これは、体全体を大きくリズミカルに動かしながらおこなうスタイルのストレッチだ。
こういうやつ。
日本代表のサッカー選手の練習風景とかでよく見るようなやつだ。グラウンドを広く使って、みんなでまとまって同じ動きをしながらやっているような。
これは、筋肉を温めてくれる効果があるため、ウォームアップとしては正しい。スピードやパワー・瞬発力などのパフォーマンスアップ効果もある。もちろんケガの予防にも。
静的ストレッチのように、伸ばすだけではないところがポイントだ。
筋肉を温め、心拍数を上げることが、筋トレや運動前には大事だからだ。ラジオ体操も、この動的ストレッチの一種だったりする。
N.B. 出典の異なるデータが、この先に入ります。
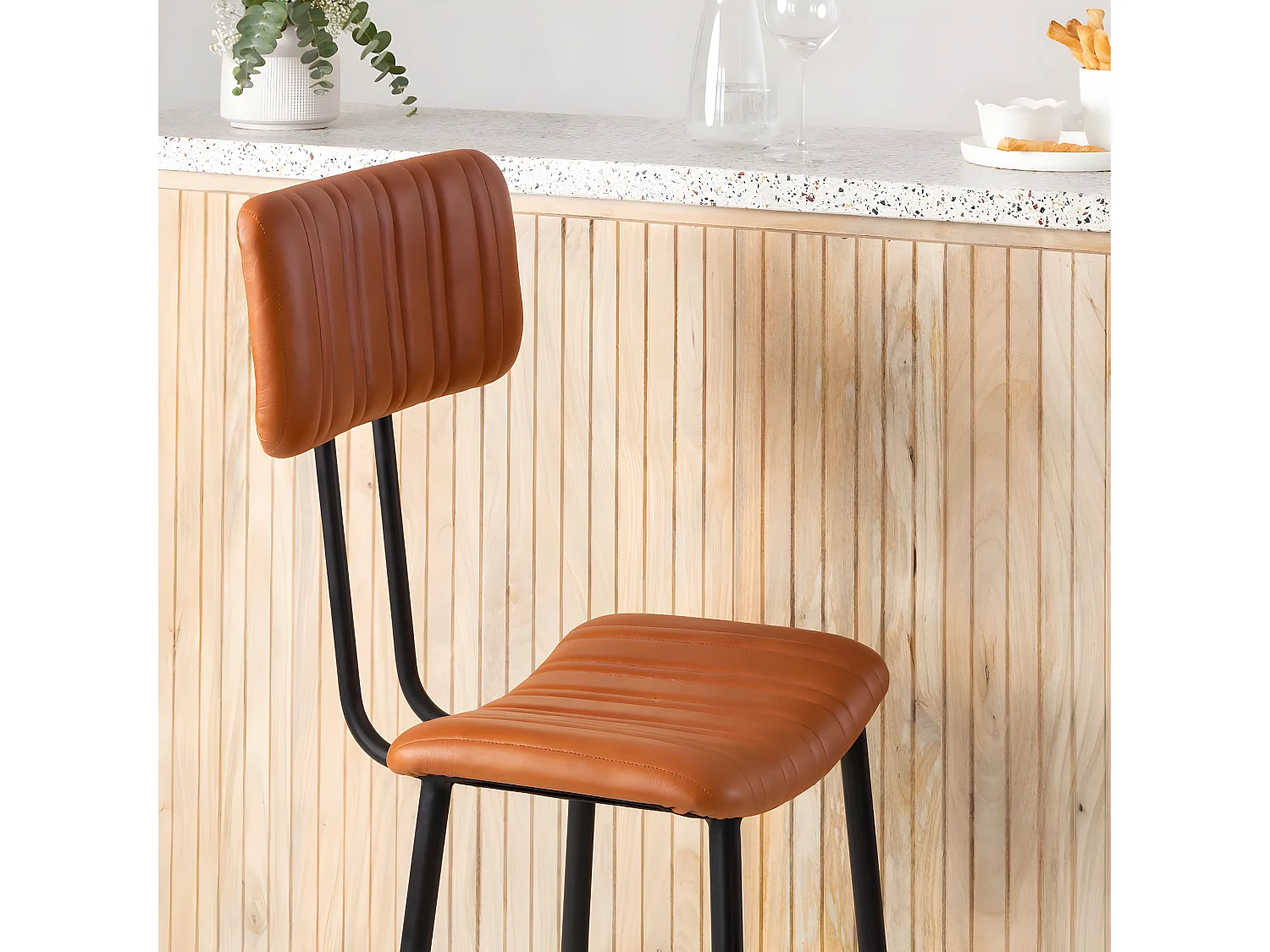 Tabouret de bar en cuir marron Carl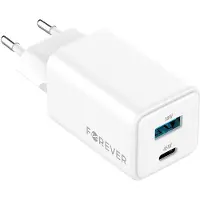 Forever GaN Handy-Ladegeräte PD QC TC-08-45AC 1x USB-C 1x USB 45W Weiß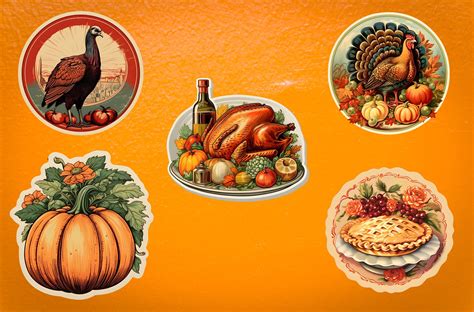 Vintage Thanksgiving Stickers Retro Thanksgiving Stickers Journal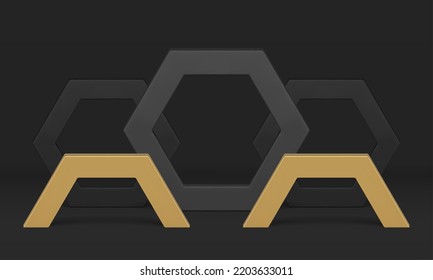 Showcase display scene abstract platform hexagonal basic foundation 3d studio background realistic vector illustration. Premium pedestal black golden geometric stage decor element luxury podium design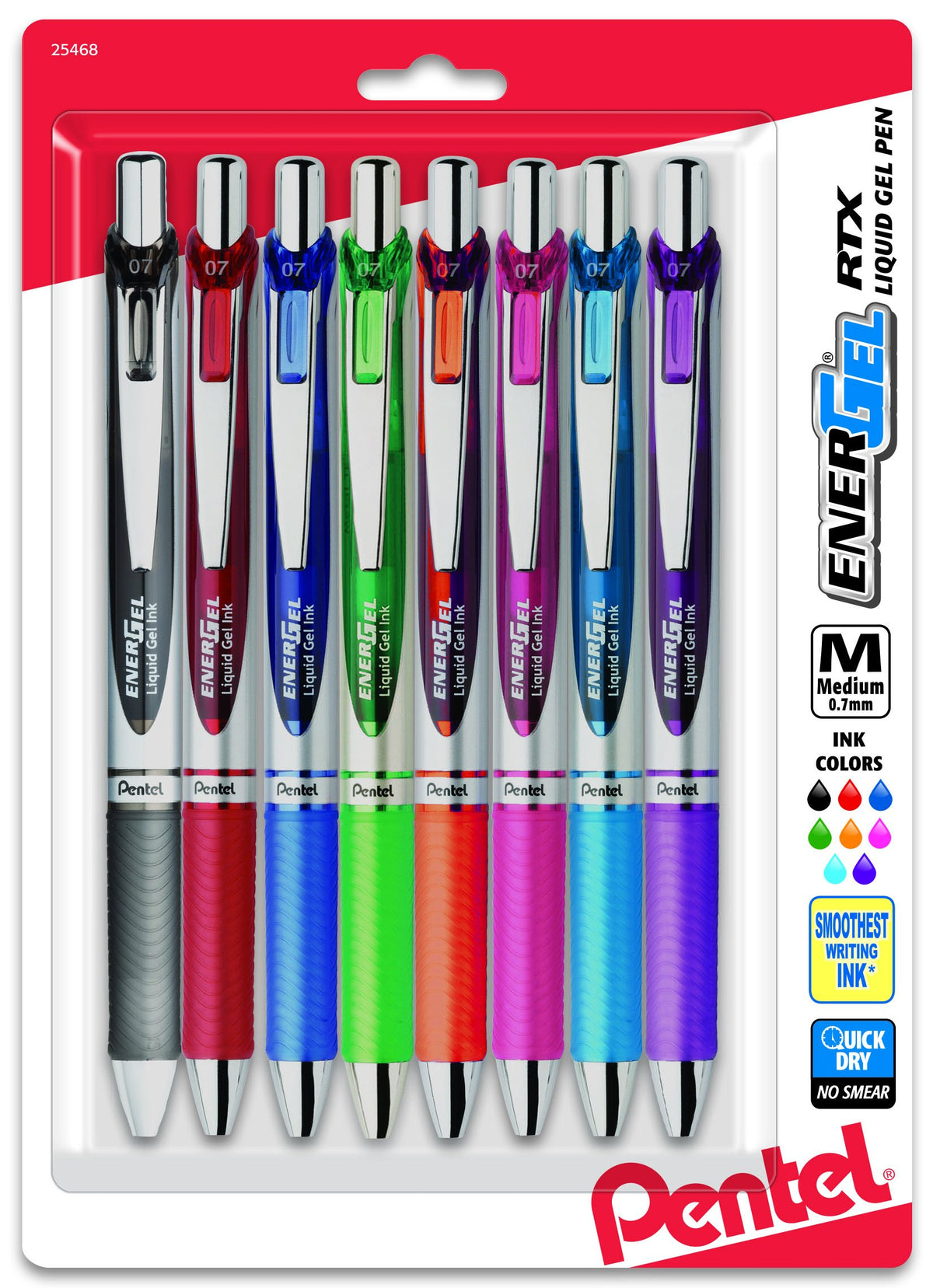 Pentel EnerGel RTX Retractable Liquid Gel Pen, (0.7mm) Metal Tip, Medium Line,Assorted Ink, 8-Pk (BL77BP8M1)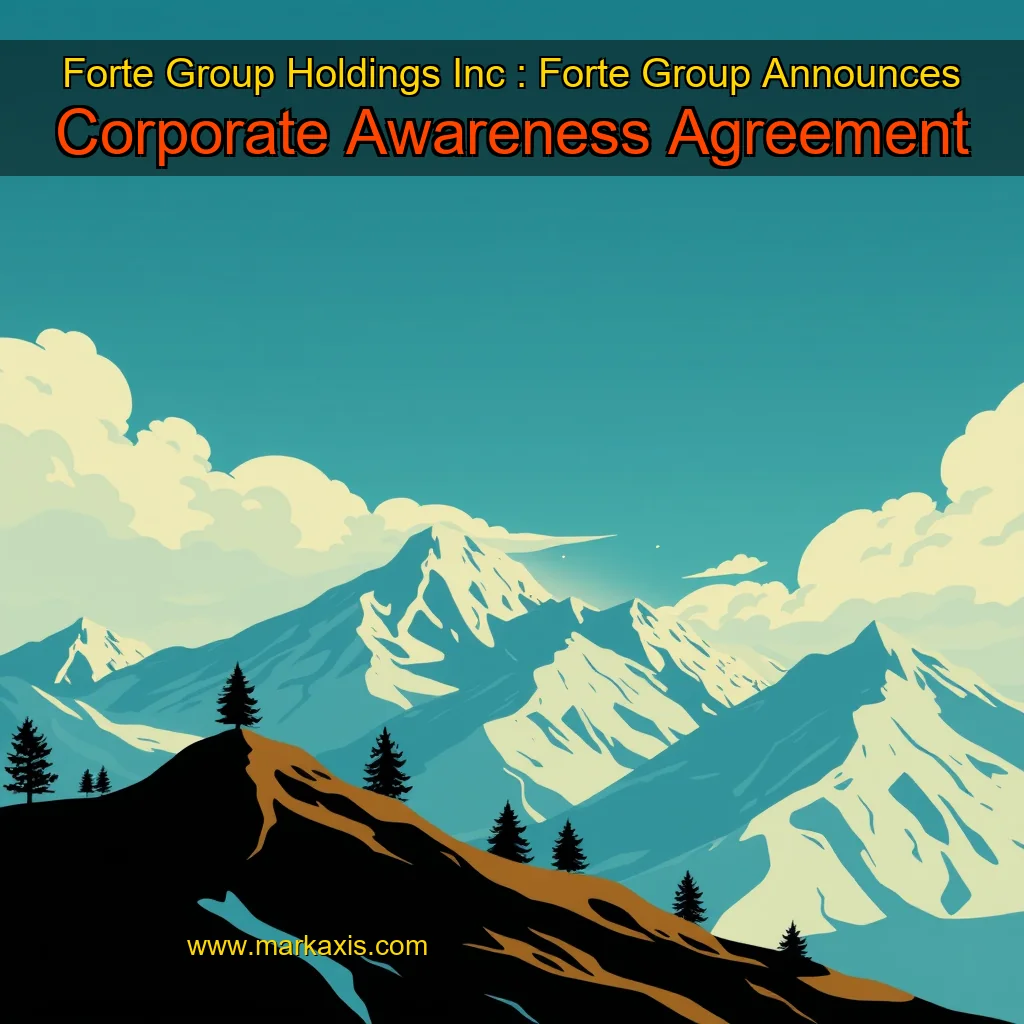 You are currently viewing Forte Group Holdings Inc : Forte Group Announces Corporate Awareness Agreement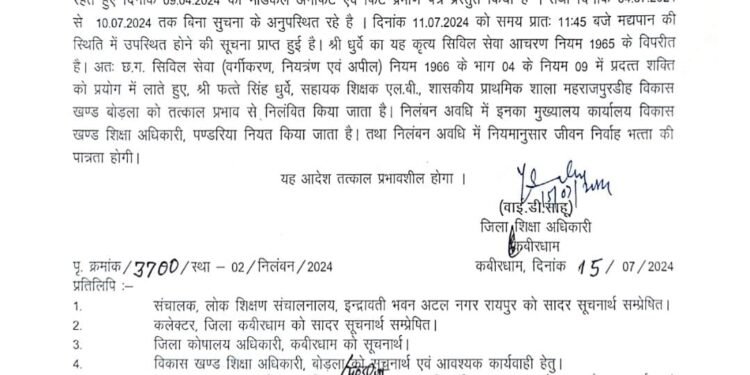 कलेक्टर  जनमेजय महोबे के निर्देश पर सहायक शिक्षक एल.बी.  फत्ते सिंह धुर्वे तत्काल प्रभाव से निलंबित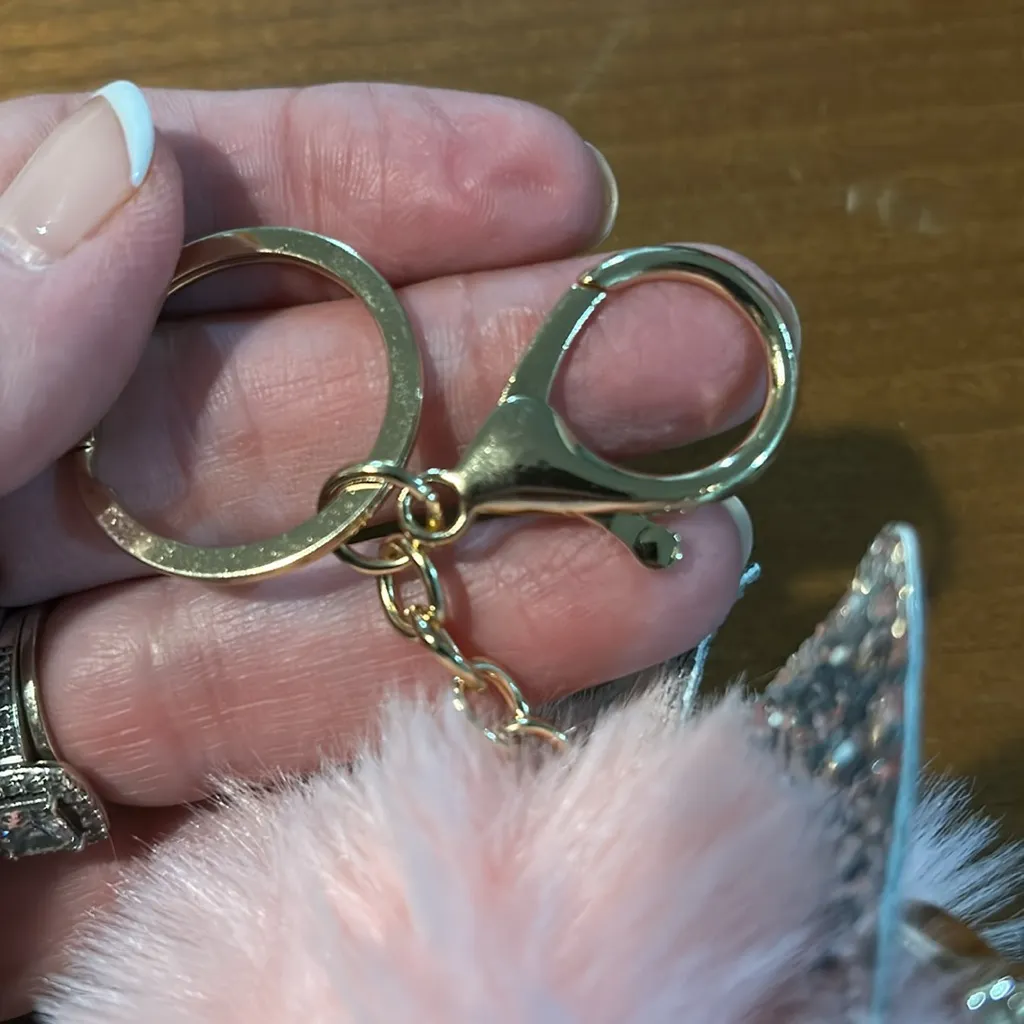 Pink and Gold Owl Keychain Bag Charm NWOT - Image 3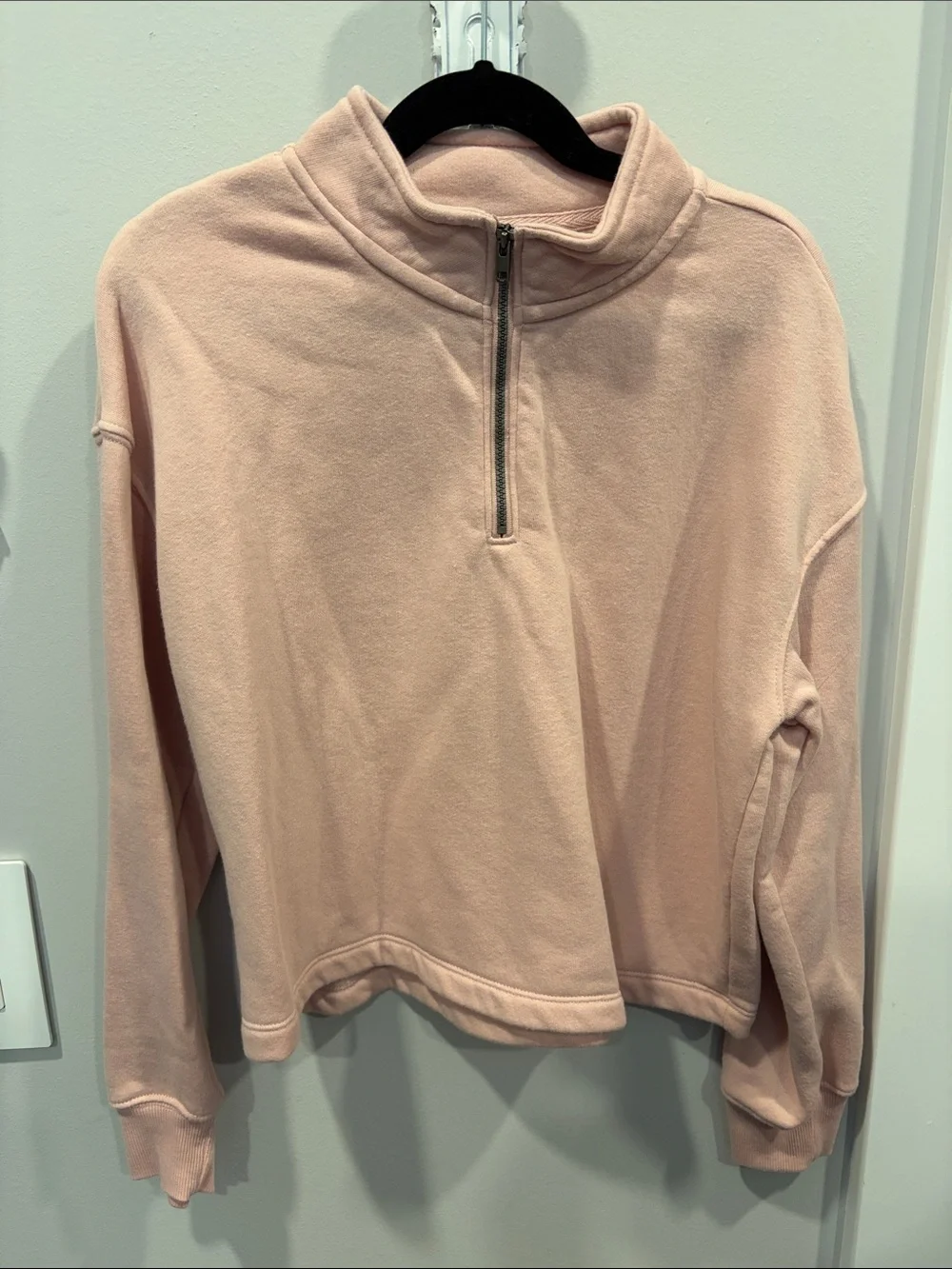 Old Navy Pink Half-Zip Pullover Sweatshirt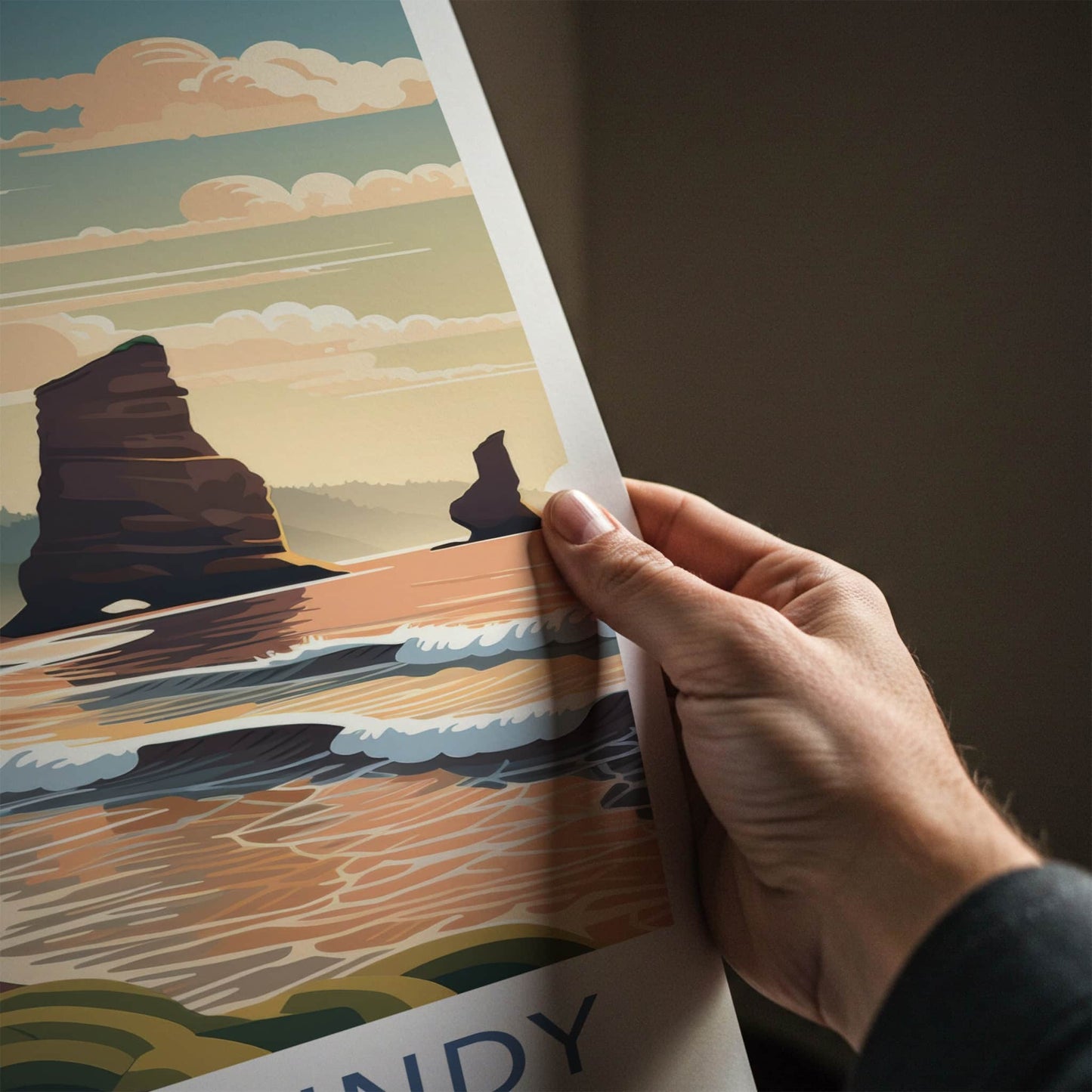 Bay Of Fundy Poster - Canada Travel Art - Rugged Beach Cliffs Wall Decor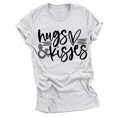 thumbnail image 1 of RKSTN Hauts pour Femmes Saint-Valentin Cœur d'Amour Lettres Imprimées Mode Blouse Confortable Hauts Tempérament Couleur Unie Col Rond Manches Courtes Hauts, 1 of 5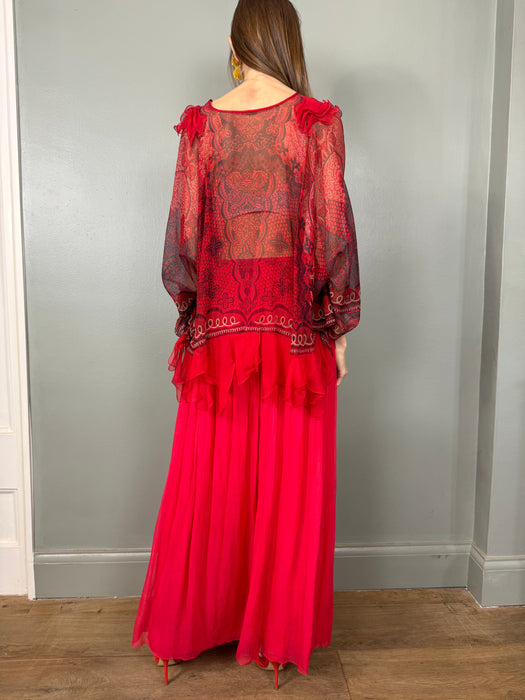 Zandra Rhodes, 70s chiffon print top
ただ、ジムの場合だと、こうした動的ストレッチをするようなスペースがなかったりするので、、トレッドミルを使って、軽いランニングやウォーキングを5分ぐらいするのでも代用可能だ。
でもやりすぎには注意しよう。5分ぐらいで十分だ。あくまで準備運動なのだから。
筋トレ前のウォームアップ → 動的ストレッチ(ダイナミック・ストレッチ)
筋トレ後のクールダウン → 静的ストレッチ(スタティック・ストレッチ)
筋トレ初心者は、このストレッチのタイミングを覚えておこう。
あまり知識のないスポーツジムのスタッフやトレーナーなんかは、あたかもそれが正しいかのように、筋トレ前の静的ストレッチを勧めていたりするが、そんなものは一切ガン無視しよう。